Catalonia is politically bogged down by the division into two blocks, the pro-independence and the constitutional, the prioritization of the plan to achieve secession and the confrontations between the parties of Catalan nationalism. Since 2010, five regional elections have been held and two of its three presidents, Carles Puigdemont and Torra, have been removed from their functions; the first after fleeing to Belgium to avoid being judged by the unilateral independence consultation, and the second for disobeying the Central Electoral Board.
A thermometer of the blockade is the more than 100 positions, of 25 public organisms, that are waiting for the autonomic parliament to renew them. The most paradigmatic case is that of the Catalan ombudsman, the Síndic de Greuges, Rafael Ribó, in office since 2019. Finding a replacement is an almost impossible mission because it requires a three-fifths majority of the Chamber. The direction of the Catalan Data Protection Agency has also not been renewed since 2017 and more difficult is the election of the Presidency and the governing council of the Catalan Audiovisual Media Corporation, on which TV3 and Catalunya Ràdio depend, which require a majority two-thirds. The presidency of the body has been in office since 2018.

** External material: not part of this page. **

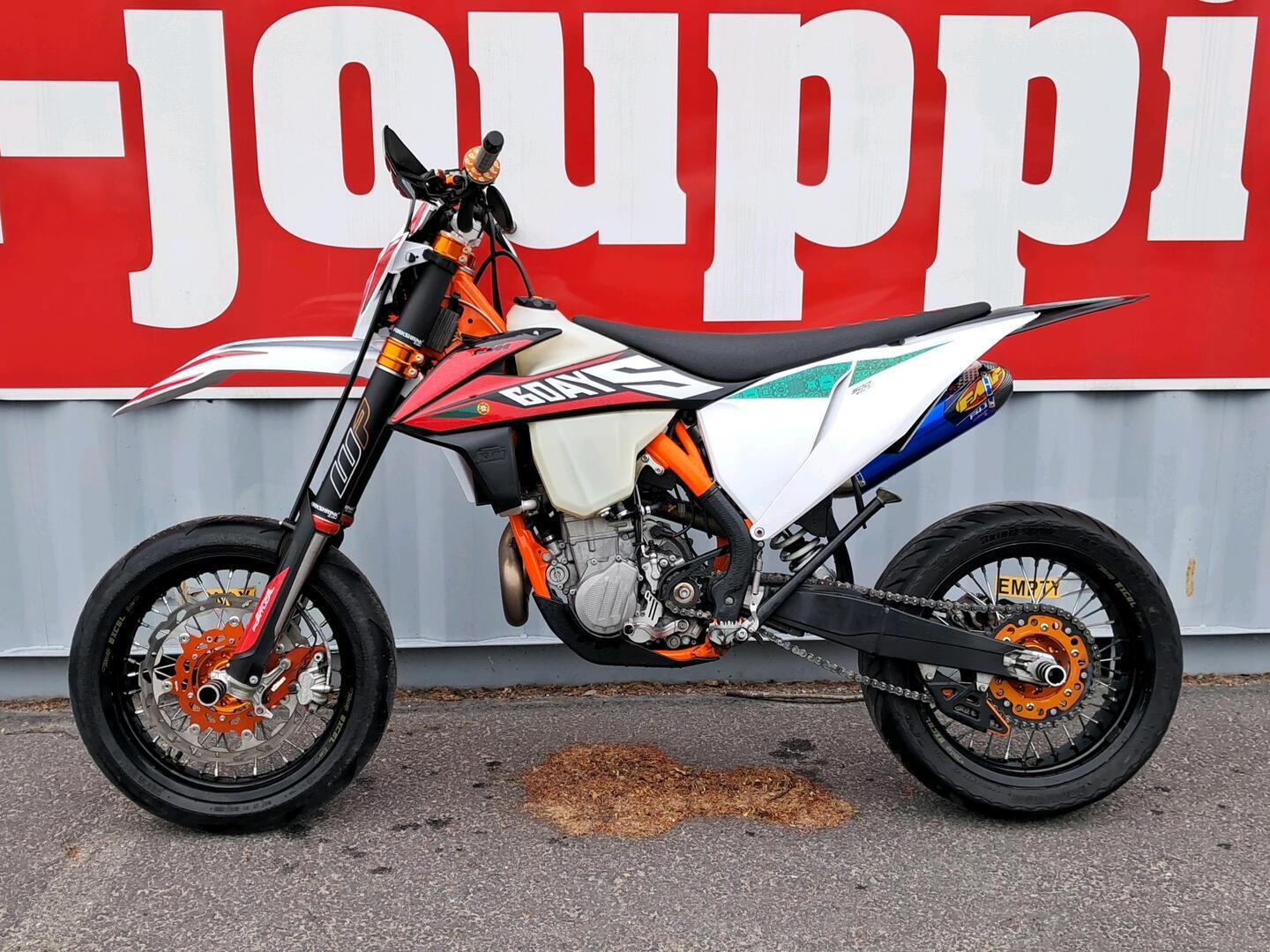 KTM 500 2019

Illa denounced, while still Minister of Health, that the instability had made Catalonia lose the opportunity to host the headquarters of the European Medicines Agency. The decision was made in November 2017, shortly after the intervention of the Generalitat by the central government. “We have been ten years, which are said soon, without any person in charge of the Generalitat has been received by an EU commissioner,” Illa said recently in reference to the meeting between Artur Mas and José Manuel Durao Barroso in March 2011, the last meeting between a president of the Generalitat and another of the European Commission. Jordi Bacaria, professor of Applied Economics and former director of the Cidob international studies center, remarks that the lack of harmony between the Generalitat and the central Executive, but also the threat of street altercations, have prevented Barcelona from hosting high-level European events. After the violent days that followed the imprisonment of Pablo Hasél, last February, the Catalan employers parked their differences in an unusual and forceful manifesto in which they criticized the Generalitat for not condemning the altercations or supporting the Mossos d’Esquadra.

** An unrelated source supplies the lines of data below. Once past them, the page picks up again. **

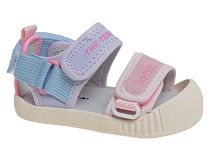 Туфли детские открытые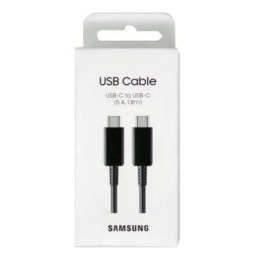 Samsung Cavo Usb-c To Usb-cdx510jbe 1,8m 5a Black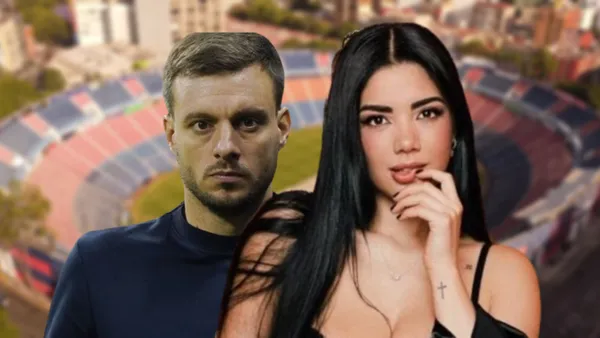 Michelle Pérez - Martín Anselmi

The employers also proposed a “country pact”, based on a “broad political and social consensus”, as an “urgent and essential” need. The Círculo de Economía also assured in March that urban vandalism is “the most alarming consequence of the immobility in which politics is trapped” in Catalonia. “Her continued paralysis […] makes her irrelevant, and her disempowerment impacts a society that is partly angry and partly hopeless,” he warned. Aurora Catà, president of Barcelona Global, is of the opinion that “a government must be established without further delay” to once again position Catalonia among the most dynamic regions in Europe. For her, Catà, “complicity with the private sector will be essential and understanding with the rest of the administrations a sine qua non condition”.